Riforma del processo penale: due cose buone e una cattivissima

20 Marzo 2017

Deve ancora passare alla Camera. Ma non ci saranno modifiche e dunque la riforma del processo penale è cosa fatta. Un paio di cose buone e una cattivissima.

I termini di prescrizione sono stati allungati; non di molto, solo 3 anni complessivamente: 1 anno e 6 mesi dopo la sentenza di primo grado e 1 anno e 6 mesi dopo la sentenza d’appello. Considerato che la sentenza di appello arriva – oggi – dopo 4/5 anni dalla sentenza di Tribunale, si capisce che non è un gran guadagno. Si sarebbe dovuto abolire la prescrizione dopo la sentenza di primo grado; o almeno sospenderla fino al processo di Appello, 1 anno o 10 che siano.

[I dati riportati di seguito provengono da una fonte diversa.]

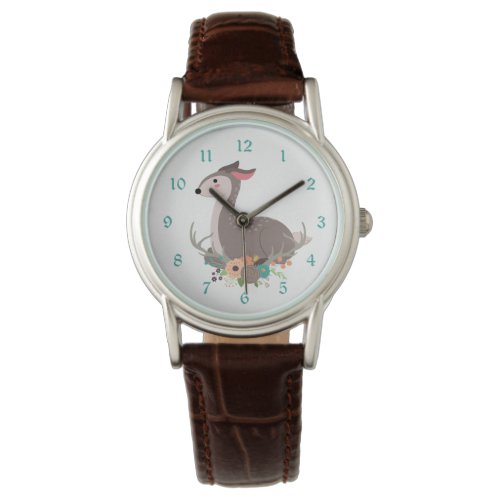 Woodland Deer Floral and Antler Watch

Ma, se mai c’è stato un caso di bicchiere mezzo pieno, è questo. Anche perché è stato previsto un nuovo caso di sospensione: quando è stata richiesta una rogatoria internazionale, la prescrizione è sospesa fino a quando l’autorità estera ha adempiuto; o comunque trascorsi 6 mesi dalla richiesta. Anche qui si sarebbe potuto fare di meglio: che ne può il pm o il giudice italiano se il collega straniero è pigro o se la rogatoria è complicata? Comunque meglio di niente.

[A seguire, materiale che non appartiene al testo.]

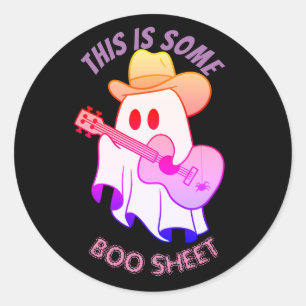 Pegatina Redonda ESTA ES UNA HOJA DE BOL, un fantasma lindo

Per alcuni reati sono state aumentate le pene, sia nel minimo che nel massimo. Il caso più importante è quello dello scambio elettorale politico mafioso: da 4 a 10 anni si passa a 6-12. Il che significa maggiori difficoltà a irrogare pene che consentano l’immediato affidamento in prova al servizio sociale, almeno qualche mese di galera se lo devono fare; e soprattutto l’allungamento dei termini di prescrizione: si passa da 13 anni e 4 mesi a 14 anni; non è un gran che ma in qualche caso questi 8 mesi possono fare la differenza. Pene aumentate anche per il furto in abitazione, il furto con strappo, la rapina e l’estorsione.

Ma, se non cambia l’ordinamento penitenziario, in particolare la famigerata legge Gozzini, resta l’assurdo che pene fino a 3 anni non si scontano e che, comunque, ogni pena viene effettivamente scontata solo per la metà.

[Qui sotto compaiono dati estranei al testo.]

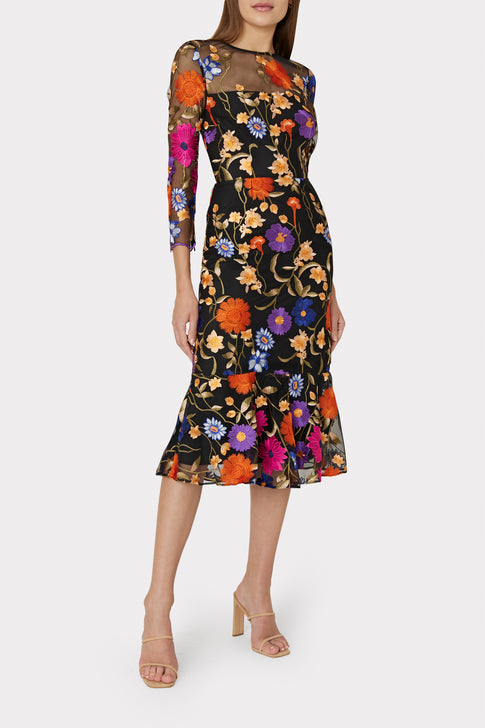 Rosalind Fall Foliage Embroidery Dress Black Multi Image 2 of 4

Detto questo, resta l’ennesima dimostrazione che Andrea Orlando e i suoi consiglieri non capiscono niente di come funziona il processo penale.

La premessa è: le indagini del pm hanno un termine di scadenza; dopodiché o si rinvia a giudizio o si chiede l’archiviazione. Siccome il carico delle Procure è micidiale e tutti i processi non si possono fare, i pm scelgono: questo processo è molto importante, lo faccio prima degli altri che tratterò quando e se avrò tempo. Oppure; questo processo si prescriverà prima di arrivare in Tribunale, inutile perdere tempo, aspetterò che la prescrizione sia maturata e poi chiederò l’archiviazione.

Non è un gran sistema perché lascia al pm una discrezionalità non controllata, ma è sempre meglio dell’illusione di fare tutti i processi, magari in ordine alfabetico o cronologico, e farli prescrivere quasi tutti; oppure far celebrare i processi per ingiuria o diffamazione e far prescrivere corruzioni, frodi fiscali e falsi in bilancio.

Adesso, sia semplice ignoranza o desiderio di sottomettere le Procure, la riforma obbliga il pm a decidere cosa fare, rinvio a giudizio o richiesta di archiviazione, entro 3 mesi dalla scadenza del termine delle indagini preliminari: se non lo fa, procedimento disciplinare. Fine della scelta ragionata su quali processi fare e quali non fare; la strategia diventa: chiudere tutto entro i termini, indagini fatte o no che siano.

E come si fa? Semplice, si rinvia tutti a giudizio: capi di imputazione approssimativi, prove non acquisite, se la veda il gip o il Tribunale, il cerino non si spegne nella mia mano. Naturalmente anche così migliaia di processi non si chiuderanno; e qui altra ideona: passeranno tutti in Procura generale; che non potrà fare niente, sono quattro gatti; quindi, anche qui, tutti a giudizio. Dell’altra possibilità, la richiesta di archiviazione, non se ne parla: mica possiamo perdere tempo a motivarla; innocenti e colpevoli, tutti in Tribunale. Che naturalmente non ce la potrà fare con conseguente prescrizione a gogo.

Insomma, la sagra dell’incompetenza; o della malafede.